Yes, Aristotle distinguished between democracy (mob rule) and polity (constitutional rule by the many for the common good). But the United States was not founded as a polity either. It was founded as a constitutional republic, where individual rights are protected from both monarchs and mobs.

So no, it’s not a “false dichotomy.” It’s a correction.

When someone keeps calling the U.S. a democracy, they’re either misinformed or propagating a diluted version of what we were actually meant to be.

Read more than just the glossary. Start with the Federalist Papers.

And while you’re at it—define “common good” without falling into technocratic abstraction.

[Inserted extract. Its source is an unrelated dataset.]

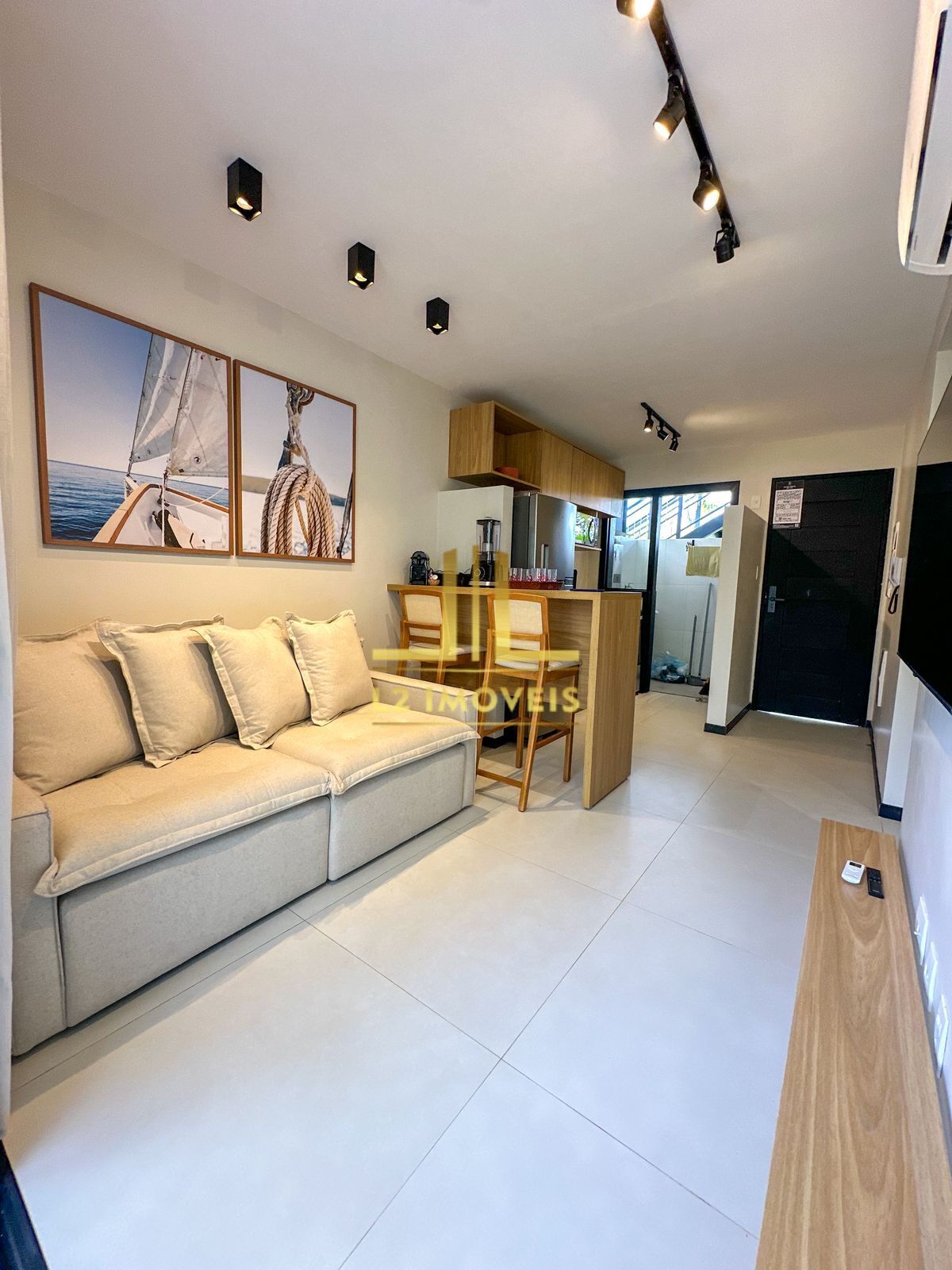 Casa à venda com 2 quartos, 54m² - Foto 2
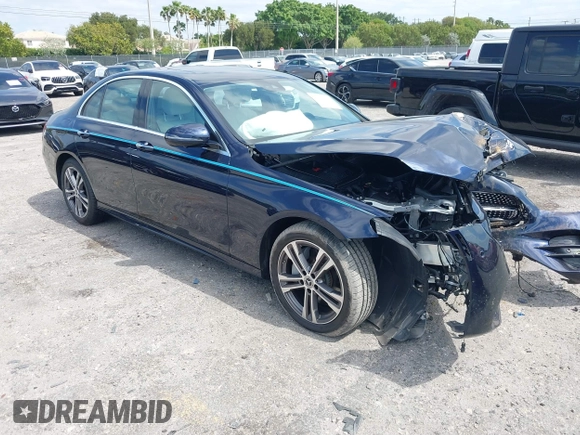 2022 Mercedes-Benz E 350 z VIN W1KZF8DBXNB049580, wystawiony jako IAAI lot #42102354 z przebiegiem 5 284 mil mil oraz . Historia ofert i sprzedaży dostępna na DreamBid. Obrazek 1.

I don't think there are any good forms of government so it's largely a waste of time to argue semantics. My issue is how people use the word Democracy as if it's a panacea, when the word itself literally refers to a failed system of "self" rule. By the way, the "consent of the governed" and the formation of our republican form of government itself is founded on majority rule, this is the political theory of Jefferson and Madison, where they argue the seat of sovereignty and authority originates. In my opinion what we call government is no less than limited organized crime, and that's what it's always been no matter the form.

Exactly. That’s the point—democracy is not a virtue. The problem isn’t whether any form of government is perfect—none are. But people invoke “democracy” like it’s holy water, without ever questioning the structure behind it or what it’s being used to justify.

Yes, consent of the governed was foundational—but so was limiting power through law, through rights that don’t shift with popularity. Jefferson and Madison also warned about the dangers of consolidated power, central banks, and unchecked taxation.

So if we’re going to call out the organized crime for what it is, let’s be precise. Words matter—especially the ones hijacked to sell wars, suppress dissent, and inflate away the value of your labor.

That’s all I’m doing—pointing the spotlight at the myth, and where the switch was flipped.